To learn more about Colab, see [Welcome to Colaboratory!](https://colab.sandbox.google.com/notebooks/welcome.ipynb).

# Setup

First, you need to set up your environment, which includes installing `apache-beam` and downloading a text file from Cloud Storage to your local file system. We are using this file to test your pipeline.

#### Setting Dependancies

In [1]:
import apache_beam as beam
import re
from apache_beam.options.pipeline_options import PipelineOptions
import warnings
warnings.filterwarnings("ignore")


In [2]:
# Run and print a shell command.
def run(cmd):
  print('>> {}'.format(cmd))
  !{cmd}
  print('')

# Install apache-beam.
# run('pip install --quiet apache-beam')

# Copy the input file into the local file system.
run('mkdir -p data')
run('gsutil cp gs://dataflow-samples/shakespeare/kinglear.txt data/')

>> mkdir -p data

>> gsutil cp gs://dataflow-samples/shakespeare/kinglear.txt data/
Copying gs://dataflow-samples/shakespeare/kinglear.txt...
/ [1 files][153.6 KiB/153.6 KiB]                                                
Operation completed over 1 objects/153.6 KiB.                                    
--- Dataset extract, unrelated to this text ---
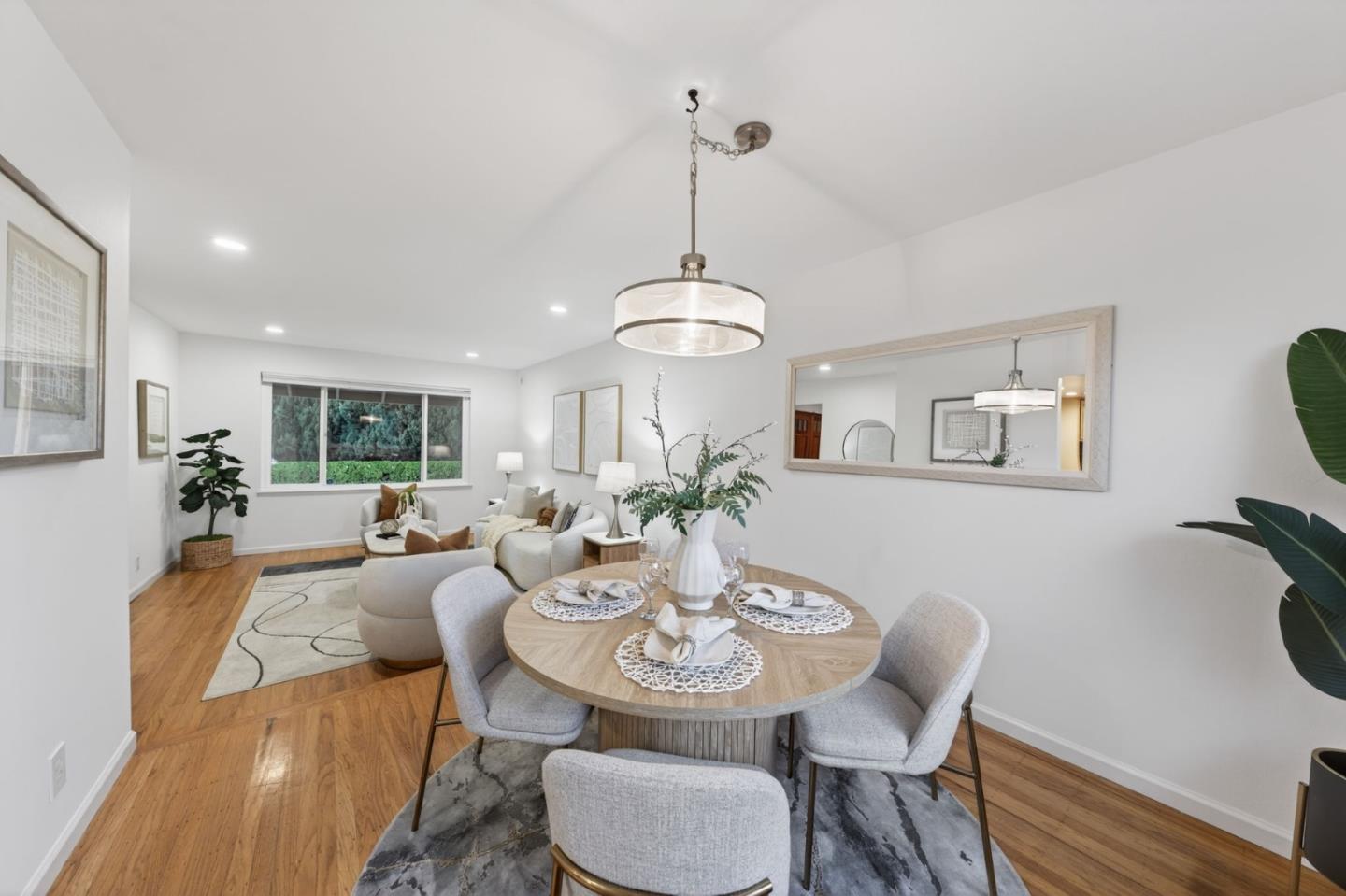 Detail Gallery Image 11 of 48 For 779 Vereda Ct, San Jose,  CA 95123 - 5 Beds | 2/1 Baths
# Word count with comments

Below is mostly the same code as above, but with comments explaining every line in more detail.

In [None]:
inputs_pattern = 'data/*'
outputs_prefix = 'outputs/part'

# Running locally in the DirectRunner.
with beam.Pipeline() as pipeline:
  # Store the word counts in a PCollection.
  # Each element is a tuple of (word, count) of types (str, int).
  word_counts = (
      # The input PCollection is an empty pipeline.
      pipeline

      # Read lines from a text file.
      | 'Read lines' >> beam.io.ReadFromText(inputs_pattern)
      # Element type: str - text line

      # Use a regular expression to iterate over all words in the line.
      # FlatMap will yield an element for every element in an iterable.
      | 'Find words' >> beam.FlatMap(lambda line: re.findall(r"[a-zA-Z']+", line))
      # Element type: str - word
      
      ##### MODIFICATION 1 #####
      
      # Modified by Rohan: Convert all words to lowercase to ensure that the same words with different cases are counted together. 
      # For example, 'The' and 'the' will be treated as the same word 'the'. Similary 'KING', 'King' and 'king' will be treated
      # as the same word 'king'.
      | 'Lowercase words' >> beam.Map(lambda word: word.lower())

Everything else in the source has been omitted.